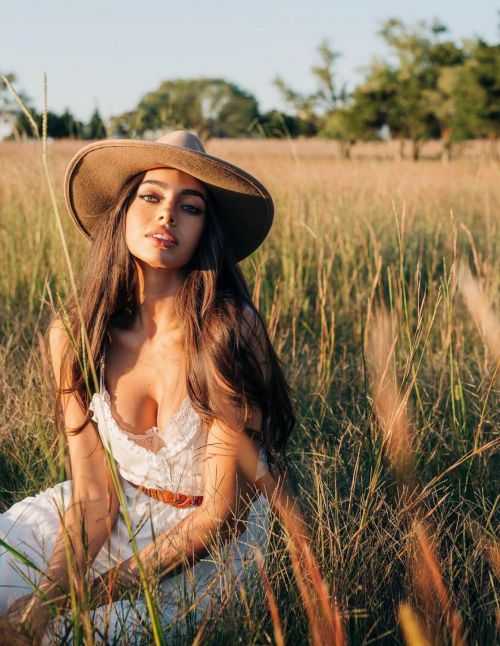 Priscilla Huggins Ortiz in White Dress Outdoor Photoshoot - Instagram Photos 04/12/2020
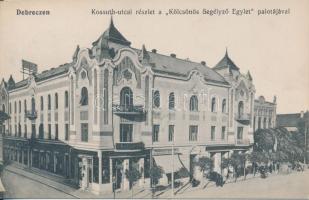 Debrecen, Kossuth utca, Kölcsönös Segélyező Egylet Palotája, Biztosító, üzletek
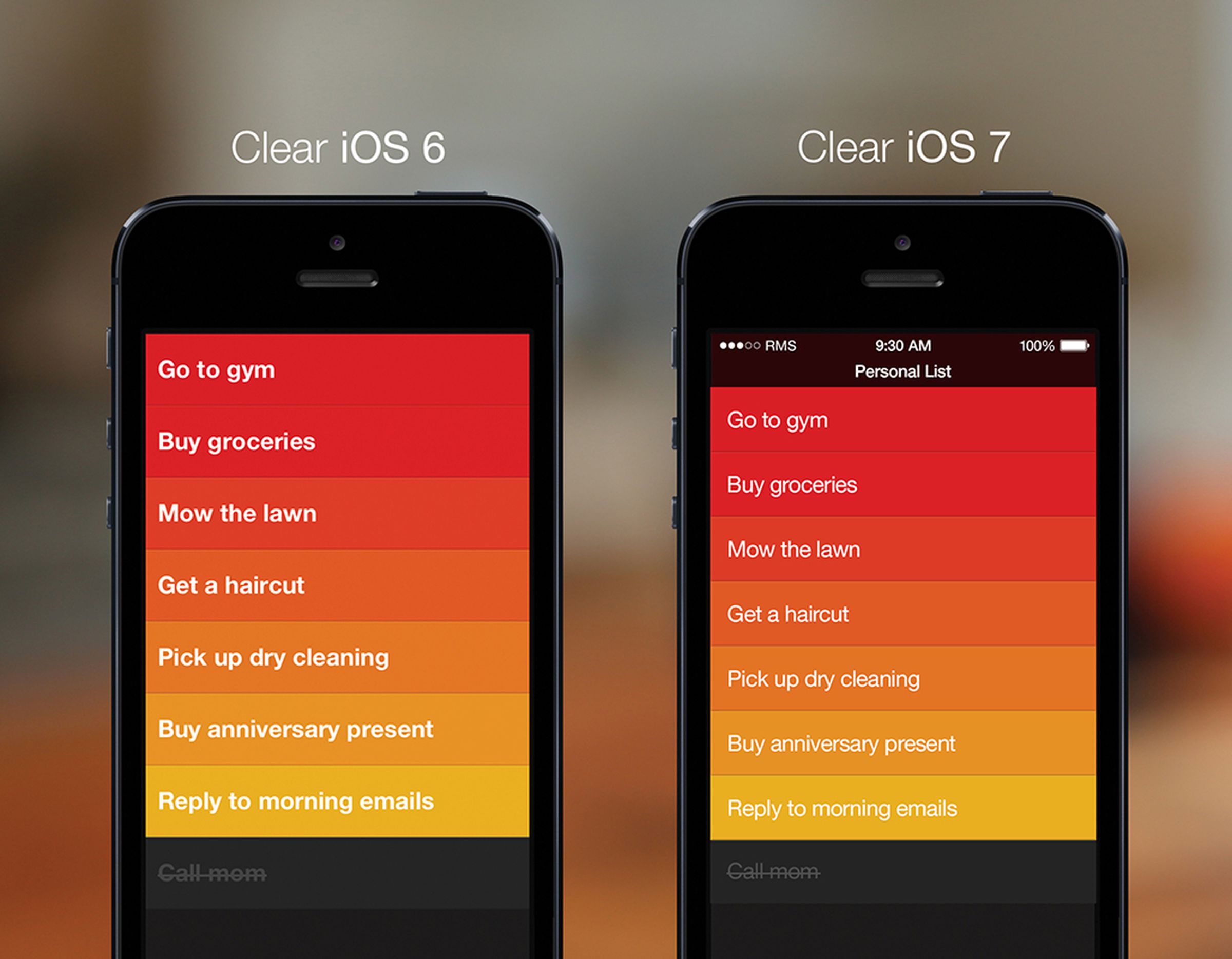 Clear for iOS 7 screenshots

Exercise instructions
All lines above must be repeated exactly, and the pictures must be omitted.

Expected output
 Priscilla Huggins Ortiz in White Dress Outdoor Photoshoot - Instagram Photos 04/12/2020
 Debrecen, Kossuth utca, Kölcsönös Segélyező Egylet Palotája, Biztosító, üzletek
 Clear for iOS 7 screenshots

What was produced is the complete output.